Son chef, M. A. Makri, s’est montré dans plusieurs occasions comme le politique le plus proche de cette action, allant jusqu’à accuser la ministre d’agir contre les constances nationales et demander sa démission. Une de ses dernières attaques, et non des moindres, est d’accuser la ministre de «servir les intérêts de la France et de la francophonie (sic)».
La position du MSP quant à la grève illimitée du Cnapeste à qui il apporte un soutien inconditionnel, reflétant ainsi les intentions politiques et les orientations idéologiques, met en avant son intention malveillante.
Profitant du mouvement de grève des enseignants et, d’une manière générale, d’un climat social tendu, les islamistes tentent d’établir le contrôle sur une base importante des fonctionnaires d’un secteur stratégique, à savoir l’éducation nationale.

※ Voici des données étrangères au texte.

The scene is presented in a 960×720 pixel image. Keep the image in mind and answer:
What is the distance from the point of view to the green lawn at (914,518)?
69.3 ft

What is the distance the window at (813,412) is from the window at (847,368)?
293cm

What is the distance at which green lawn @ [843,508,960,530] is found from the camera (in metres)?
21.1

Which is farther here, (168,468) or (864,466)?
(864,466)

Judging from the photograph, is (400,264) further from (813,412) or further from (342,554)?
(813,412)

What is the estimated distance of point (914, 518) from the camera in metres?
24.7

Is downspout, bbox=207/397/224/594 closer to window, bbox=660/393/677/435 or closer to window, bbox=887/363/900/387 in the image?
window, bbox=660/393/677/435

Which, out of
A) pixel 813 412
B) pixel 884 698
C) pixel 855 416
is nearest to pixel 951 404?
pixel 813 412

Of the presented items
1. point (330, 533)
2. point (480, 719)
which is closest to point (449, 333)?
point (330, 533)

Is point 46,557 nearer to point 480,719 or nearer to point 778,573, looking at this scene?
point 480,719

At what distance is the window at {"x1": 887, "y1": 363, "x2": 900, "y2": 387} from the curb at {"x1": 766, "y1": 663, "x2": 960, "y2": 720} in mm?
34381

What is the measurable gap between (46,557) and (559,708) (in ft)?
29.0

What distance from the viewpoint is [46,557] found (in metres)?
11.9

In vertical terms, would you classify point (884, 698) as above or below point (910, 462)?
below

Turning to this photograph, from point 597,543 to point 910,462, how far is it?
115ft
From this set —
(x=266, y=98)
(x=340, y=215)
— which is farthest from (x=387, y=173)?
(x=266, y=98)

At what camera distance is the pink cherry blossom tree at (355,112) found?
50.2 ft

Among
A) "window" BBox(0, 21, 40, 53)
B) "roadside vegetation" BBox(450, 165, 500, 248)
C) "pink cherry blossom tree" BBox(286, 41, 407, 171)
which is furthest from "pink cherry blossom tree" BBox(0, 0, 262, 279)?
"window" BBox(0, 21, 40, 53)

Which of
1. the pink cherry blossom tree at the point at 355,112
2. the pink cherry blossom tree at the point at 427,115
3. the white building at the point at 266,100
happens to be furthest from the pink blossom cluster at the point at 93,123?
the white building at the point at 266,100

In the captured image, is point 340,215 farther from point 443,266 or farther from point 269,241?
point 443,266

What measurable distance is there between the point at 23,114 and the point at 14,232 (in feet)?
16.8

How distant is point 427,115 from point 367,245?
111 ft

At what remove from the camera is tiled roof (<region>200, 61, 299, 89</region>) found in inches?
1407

Si l’instrumentalisation des syndicats par les partis politiques n’est pas propre à l’Algérie, le mouvement de grève du Cnapeste a montré que les islamistes ont profité de la situation pour la récupération de l’action syndicale, l’affaiblissement de la ministre de tutelle et, in fine, se positionner comme une force solidaire avec leur action et capable de leur rendre justice. De l’avis d’un spécialiste, dans un tel contexte l’on présente «le bon militant combatif» contre «le méchant bureaucrate».(2)
À l’approche de l’échéance présidentielle de 2019, le MSP se veut une force proche du peuple et des préoccupations socioprofessionnelles des travailleurs. Aussi, la tenue de son congrès, tenu en ce mois de mai, est une opportunité pour le parti pour s’affirmer devant sa base comme une formation crédible et engagée à côté des revendications sociales.

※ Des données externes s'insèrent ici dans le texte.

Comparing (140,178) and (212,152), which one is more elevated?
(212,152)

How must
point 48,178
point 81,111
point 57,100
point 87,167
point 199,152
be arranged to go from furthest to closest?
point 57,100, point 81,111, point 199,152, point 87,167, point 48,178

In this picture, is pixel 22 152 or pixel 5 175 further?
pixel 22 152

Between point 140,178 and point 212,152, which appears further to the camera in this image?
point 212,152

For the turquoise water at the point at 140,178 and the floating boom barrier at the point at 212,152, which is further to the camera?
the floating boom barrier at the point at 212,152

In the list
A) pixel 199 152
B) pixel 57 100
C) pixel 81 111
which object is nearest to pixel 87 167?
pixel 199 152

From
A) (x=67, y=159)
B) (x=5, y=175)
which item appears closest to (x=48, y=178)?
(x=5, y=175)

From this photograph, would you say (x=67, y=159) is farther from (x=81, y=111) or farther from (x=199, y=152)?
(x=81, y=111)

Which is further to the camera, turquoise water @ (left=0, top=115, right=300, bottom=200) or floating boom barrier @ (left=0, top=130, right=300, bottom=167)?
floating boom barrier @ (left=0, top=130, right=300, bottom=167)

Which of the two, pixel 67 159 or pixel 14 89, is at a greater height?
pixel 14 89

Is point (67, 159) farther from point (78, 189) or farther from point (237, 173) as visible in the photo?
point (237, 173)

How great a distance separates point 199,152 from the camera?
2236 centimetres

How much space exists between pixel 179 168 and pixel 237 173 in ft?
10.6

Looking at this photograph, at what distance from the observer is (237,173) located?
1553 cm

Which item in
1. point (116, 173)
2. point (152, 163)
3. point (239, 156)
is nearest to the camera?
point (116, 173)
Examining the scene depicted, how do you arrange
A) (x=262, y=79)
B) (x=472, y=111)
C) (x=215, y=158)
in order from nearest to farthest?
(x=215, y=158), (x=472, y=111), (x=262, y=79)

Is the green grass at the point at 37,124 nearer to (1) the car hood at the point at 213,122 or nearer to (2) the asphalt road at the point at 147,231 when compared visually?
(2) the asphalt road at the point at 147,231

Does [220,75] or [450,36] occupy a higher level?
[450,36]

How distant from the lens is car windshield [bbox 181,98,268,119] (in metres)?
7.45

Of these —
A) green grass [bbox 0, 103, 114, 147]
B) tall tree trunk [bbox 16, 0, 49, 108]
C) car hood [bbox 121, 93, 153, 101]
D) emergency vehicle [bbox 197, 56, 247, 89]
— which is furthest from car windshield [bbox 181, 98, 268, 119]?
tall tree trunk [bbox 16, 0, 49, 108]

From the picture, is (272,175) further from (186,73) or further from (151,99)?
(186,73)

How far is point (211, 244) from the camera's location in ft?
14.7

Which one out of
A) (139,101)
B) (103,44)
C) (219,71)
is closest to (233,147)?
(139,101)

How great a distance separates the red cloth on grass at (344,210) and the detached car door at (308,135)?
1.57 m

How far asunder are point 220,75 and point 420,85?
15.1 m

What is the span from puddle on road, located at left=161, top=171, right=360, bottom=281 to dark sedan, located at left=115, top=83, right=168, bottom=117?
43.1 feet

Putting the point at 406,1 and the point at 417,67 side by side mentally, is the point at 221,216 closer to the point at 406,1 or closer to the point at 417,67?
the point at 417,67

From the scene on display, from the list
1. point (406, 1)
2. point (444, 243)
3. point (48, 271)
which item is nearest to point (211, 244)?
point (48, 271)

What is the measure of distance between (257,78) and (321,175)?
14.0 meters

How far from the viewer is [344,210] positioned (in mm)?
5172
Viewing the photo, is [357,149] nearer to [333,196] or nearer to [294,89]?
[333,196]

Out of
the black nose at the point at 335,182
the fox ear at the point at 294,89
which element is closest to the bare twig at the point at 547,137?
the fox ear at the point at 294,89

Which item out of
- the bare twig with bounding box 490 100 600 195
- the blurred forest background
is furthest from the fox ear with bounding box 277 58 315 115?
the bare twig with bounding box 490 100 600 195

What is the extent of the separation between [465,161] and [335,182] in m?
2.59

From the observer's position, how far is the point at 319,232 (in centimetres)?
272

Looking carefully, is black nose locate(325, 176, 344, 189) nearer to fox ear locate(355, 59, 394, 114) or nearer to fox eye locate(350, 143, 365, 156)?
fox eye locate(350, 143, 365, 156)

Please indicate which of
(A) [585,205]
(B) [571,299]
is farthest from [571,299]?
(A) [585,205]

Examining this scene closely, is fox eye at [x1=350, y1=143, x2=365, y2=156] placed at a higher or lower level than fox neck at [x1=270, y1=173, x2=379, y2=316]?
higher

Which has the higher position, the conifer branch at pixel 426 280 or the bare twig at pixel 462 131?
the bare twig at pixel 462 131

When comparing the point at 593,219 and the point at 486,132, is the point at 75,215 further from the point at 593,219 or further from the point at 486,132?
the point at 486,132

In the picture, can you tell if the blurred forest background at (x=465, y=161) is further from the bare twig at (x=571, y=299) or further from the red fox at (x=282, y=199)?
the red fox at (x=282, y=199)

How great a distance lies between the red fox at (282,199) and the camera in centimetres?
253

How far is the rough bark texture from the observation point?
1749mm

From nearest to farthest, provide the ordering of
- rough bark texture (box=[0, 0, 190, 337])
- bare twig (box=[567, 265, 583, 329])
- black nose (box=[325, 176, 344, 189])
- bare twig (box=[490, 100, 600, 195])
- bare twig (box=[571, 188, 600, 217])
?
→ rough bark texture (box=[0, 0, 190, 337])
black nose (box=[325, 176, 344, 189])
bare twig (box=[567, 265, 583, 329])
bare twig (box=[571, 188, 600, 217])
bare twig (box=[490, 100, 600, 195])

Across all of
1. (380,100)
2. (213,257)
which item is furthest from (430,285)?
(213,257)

Ainsi, le MSP intervient non pas comme un parti politique mais comme un justicier s’arrogeant le monopole de la défense du syndicat dans leur bras de force avec le ministère de l’Education nationale. Cette action est menée depuis plusieurs années. Le but est double : faire obstacle à toute réforme et contrôler l’école.

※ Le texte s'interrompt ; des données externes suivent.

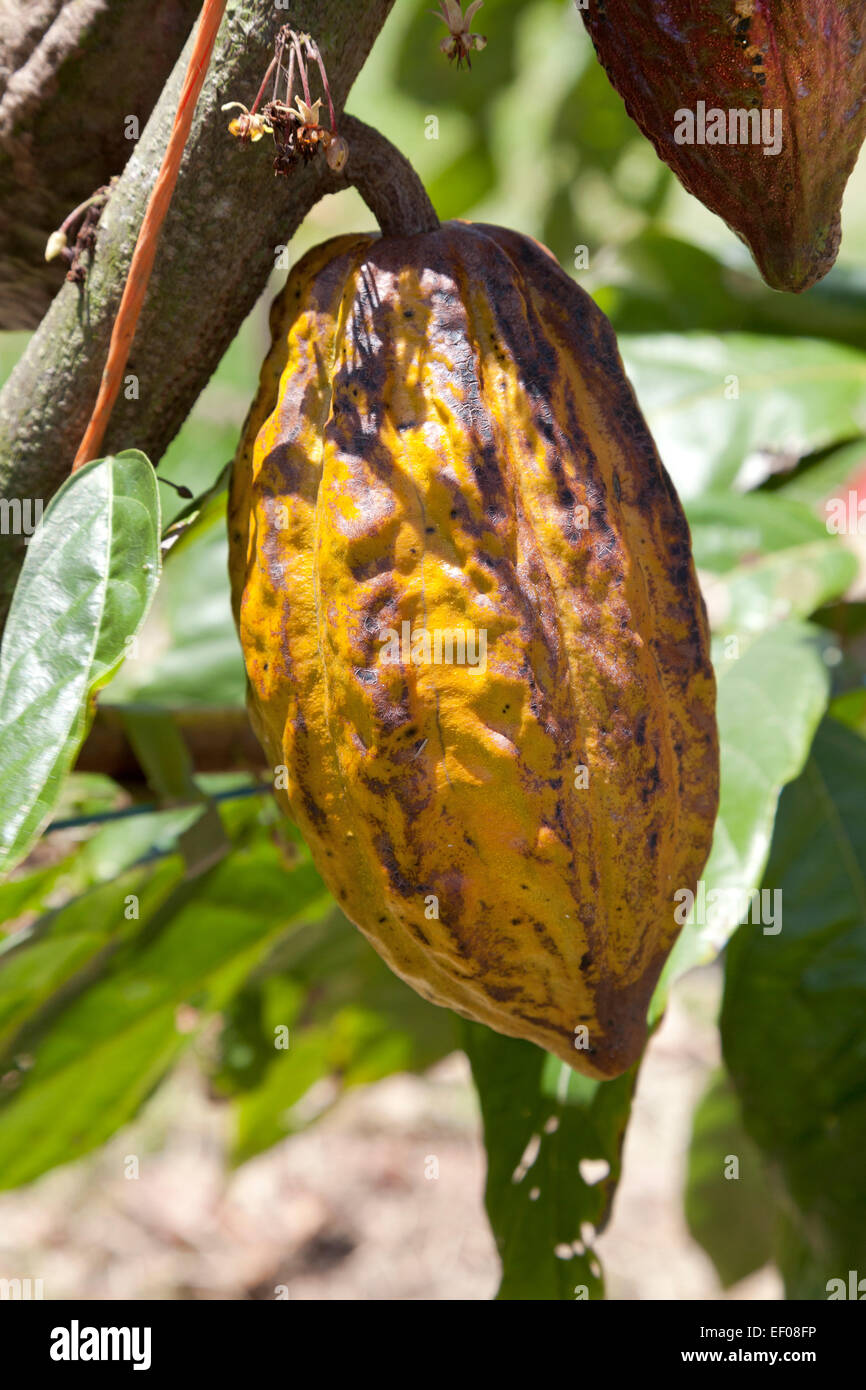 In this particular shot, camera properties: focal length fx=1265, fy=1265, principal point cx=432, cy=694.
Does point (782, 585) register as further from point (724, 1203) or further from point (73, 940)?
point (724, 1203)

Revenir à Gustave Le Bon est toujours intéressant pour saisir les enjeux sociaux et politiques qui caractérisent l’évolution des sociétés. Dans un texte portant sur le syndicalisme et dont le titre «les incertitudes de l'heure présente» est révélateur, Le Bon évoque le désordre comportemental dans les sociétés, dont le syndicalisme peut être un de ses acteurs : «Si les syndicats groupaient seulement des intérêts matériels similaires, leur influence serait faible ; mais en associant des mécontentements et des haines, ils acquièrent une grande puissance révolutionnaire.»(3)
Faute d’être une puissance révolutionnaire, le Cnapeste se tient à associer les mécontentements, malheureusement nombreux, et les haines qui les enflamment. L’islamisme s’associe à cette action pour renforcer sa place dans les champ social et politique. Il veut en même temps occuper un terrain fertile, celui de la contestation sociale et de l’incertitude politique.
En somme, la grève illimitée menée par le Cnapeste durant plusieurs semaines a été un échec total. Elle montre, si besoin est, que le syndicat a constitué un acte de contrainte masqué sous le principe de la défense des droits des travailleurs. En outre par son caractère déterministe et offensif, reposant sur un usage machiavélique des médias et un appui des partis islamistes, le Cnapeste s’est avéré un syndicat radical qui ne soucie guère des incidences qu’implique une action aussi outrancière qu’elle puisse paraître.
Il n’est cependant pas interdit d’espérer que les autres organisations syndicales, voire le Cnapeste lui-même, puissent se faire une opinion juste et sereine du sens de l’action collective et de la pratique même de la grève en tirant les conclusions de cette mésaventure.
Y. Z.

1) Mancur Olson (1971), The Logic of Collective Action: Public Goods and the Theory of Groups, Harvard University Press, 1st ed. 1965, 2nd ed. 1971.
2) Ivan Sainsaulieu, Conflits et résistances au travail, Paris, Presses de Sciences Po, 2017.
3) Gustave Le Bon, Lois psychologiques de l'évolution des peuples,14e édition, Paris, Félix Alcan, 1919.